* [Problem details]: For this exercise, return all the data word for word, with images left out.

================================

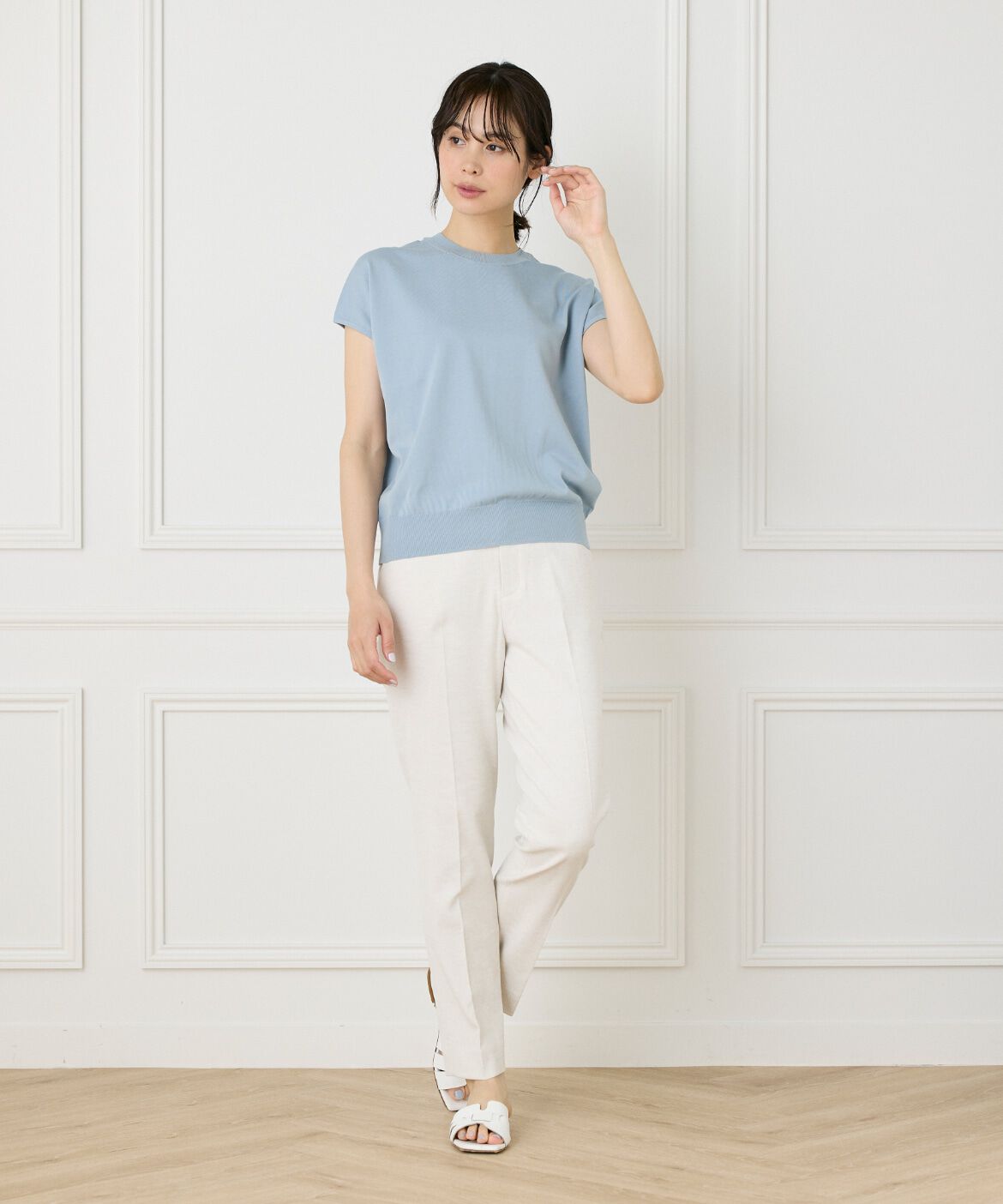 INED「《大きいサイズ》シェルタリングドライ美脚テーパードパンツ」|スラックス|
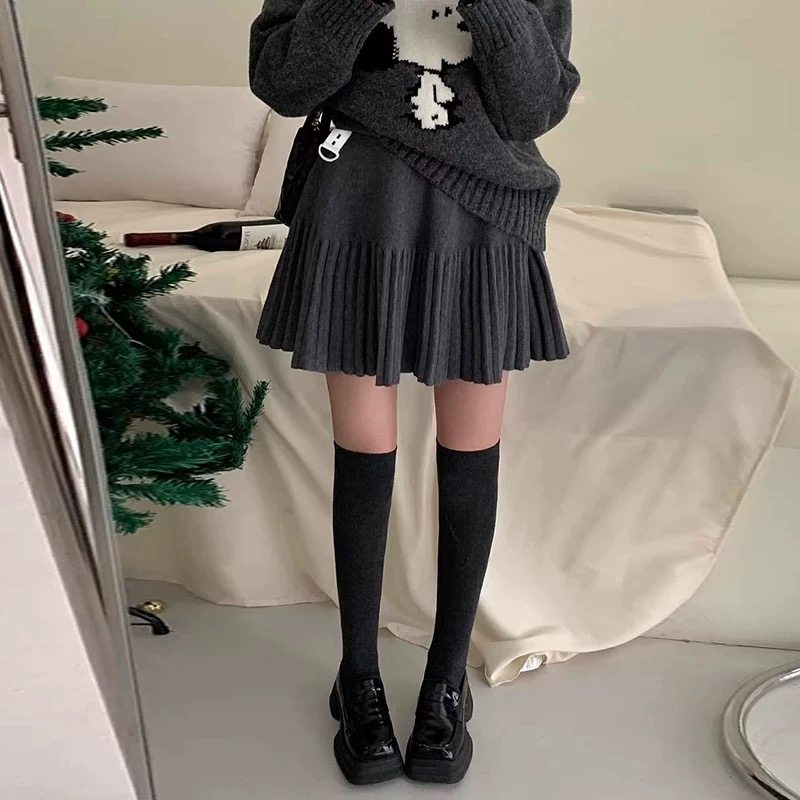 针织百褶半身裙秋冬2024新款甜辣妹高腰显瘦短裙设计感百搭a字裙,淘宝优惠券,粉丝福利购,淘宝优惠卷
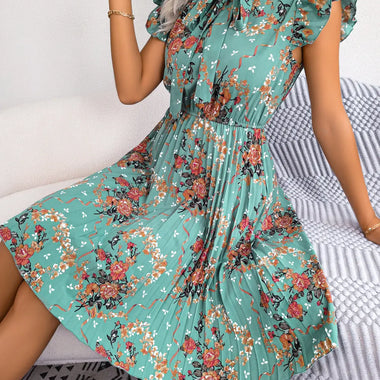 Spring Summer Dignified Floral Lace up Waist Controlled Large Hem Pleated Dress Women Clothing - Quality Home Clothing| Beauty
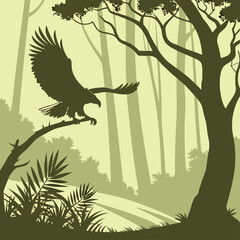 eagle silhouette taking flight from a branch in a dense forest with tall trees and lush vegetation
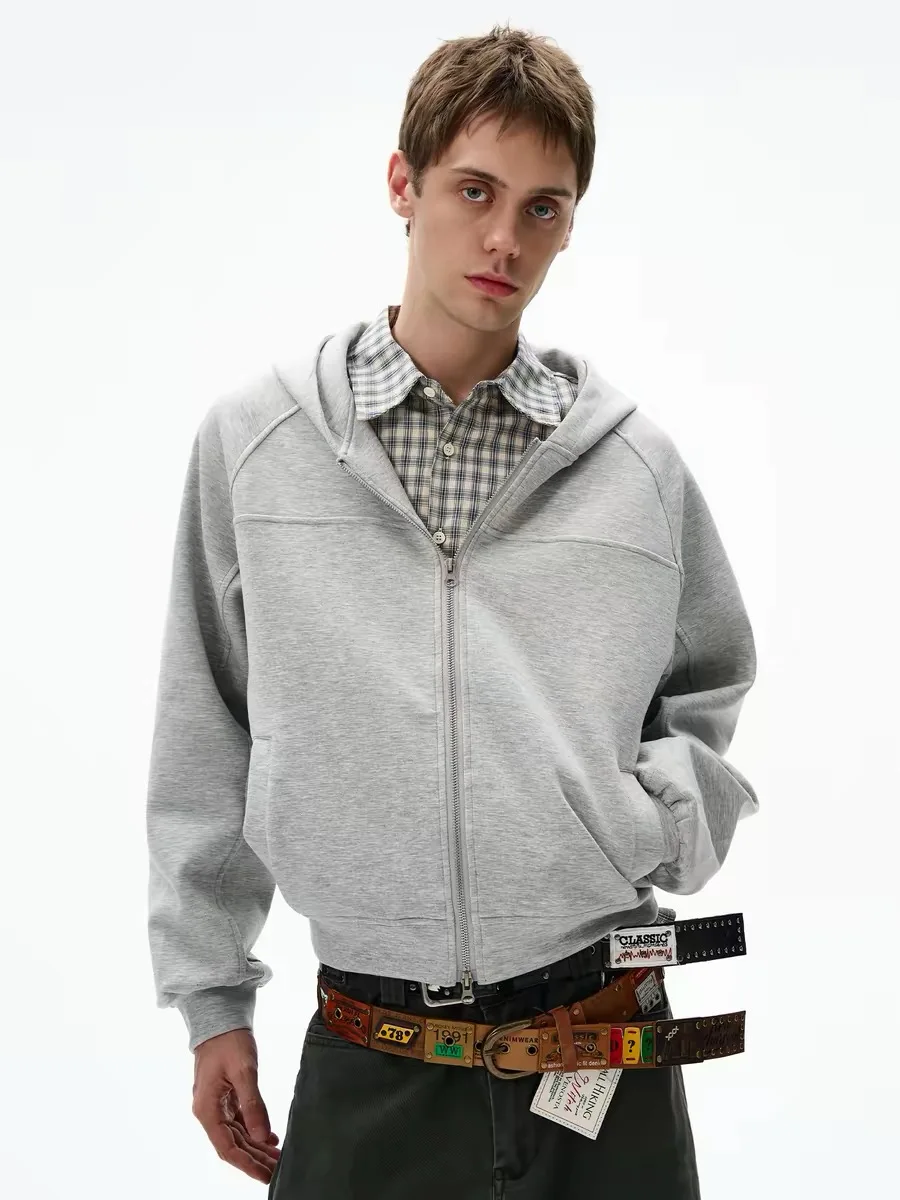 Retro American Deconstructed Design Hoodie ex Autumn Winter Casual Loose Versatile Vibe Open Cardigan Jaet for Men And ...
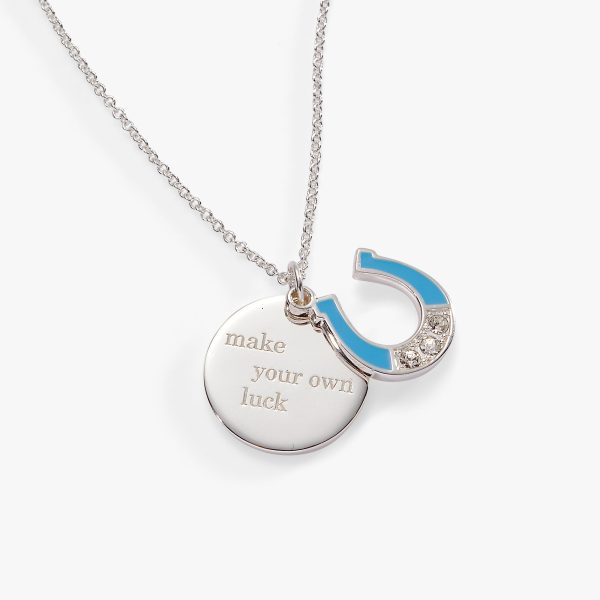 “Make Your Own Luck” Duo Charm Pendant Necklace Online Hot Sale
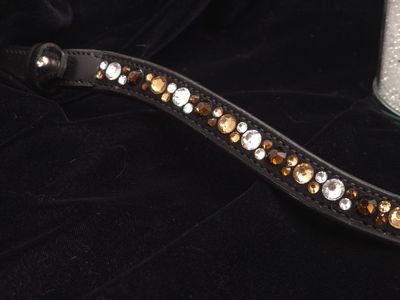 Mocha, Topaz and Clear-Hot Fix “NO SNAG-Secure Stitch” Glass Crystal - Easy On/Off Crystal Rivet Button Closure BLACK or BROWN Leather Browband V2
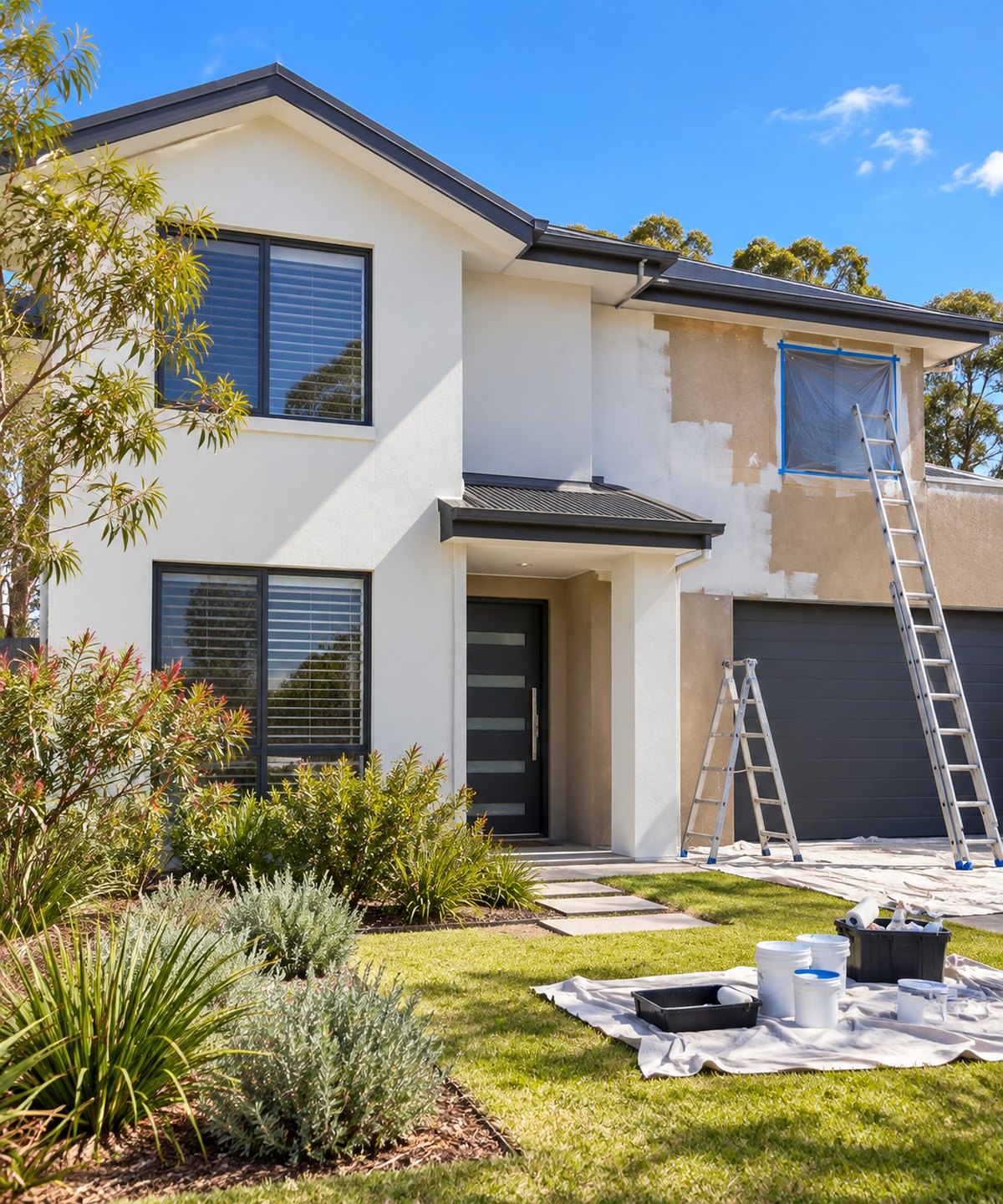 Two storey Canberra home mid repaint with ladders and drop sheets set up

================================

* [Answer box]:
 INED「《大きいサイズ》シェルタリングドライ美脚テーパードパンツ」|スラックス|
 针织百褶半身裙秋冬2024新款甜辣妹高腰显瘦短裙设计感百搭a字裙,淘宝优惠券,粉丝福利购,淘宝优惠卷
 Spring Summer Dignified Floral Lace up Waist Controlled Large Hem Pleated Dress Women Clothing - Quality Home Clothing| Beauty
 eagle silhouette taking flight from a branch in a dense forest with tall trees and lush vegetation
 Retro American Deconstructed Design Hoodie ex Autumn Winter Casual Loose Versatile Vibe Open Cardigan Jaet for Men And ...
 “Make Your Own Luck” Duo Charm Pendant Necklace Online Hot Sale
 Mocha, Topaz and Clear-Hot Fix “NO SNAG-Secure Stitch” Glass Crystal - Easy On/Off Crystal Rivet Button Closure BLACK or BROWN Leather Browband V2
 Two storey Canberra home mid repaint with ladders and drop sheets set up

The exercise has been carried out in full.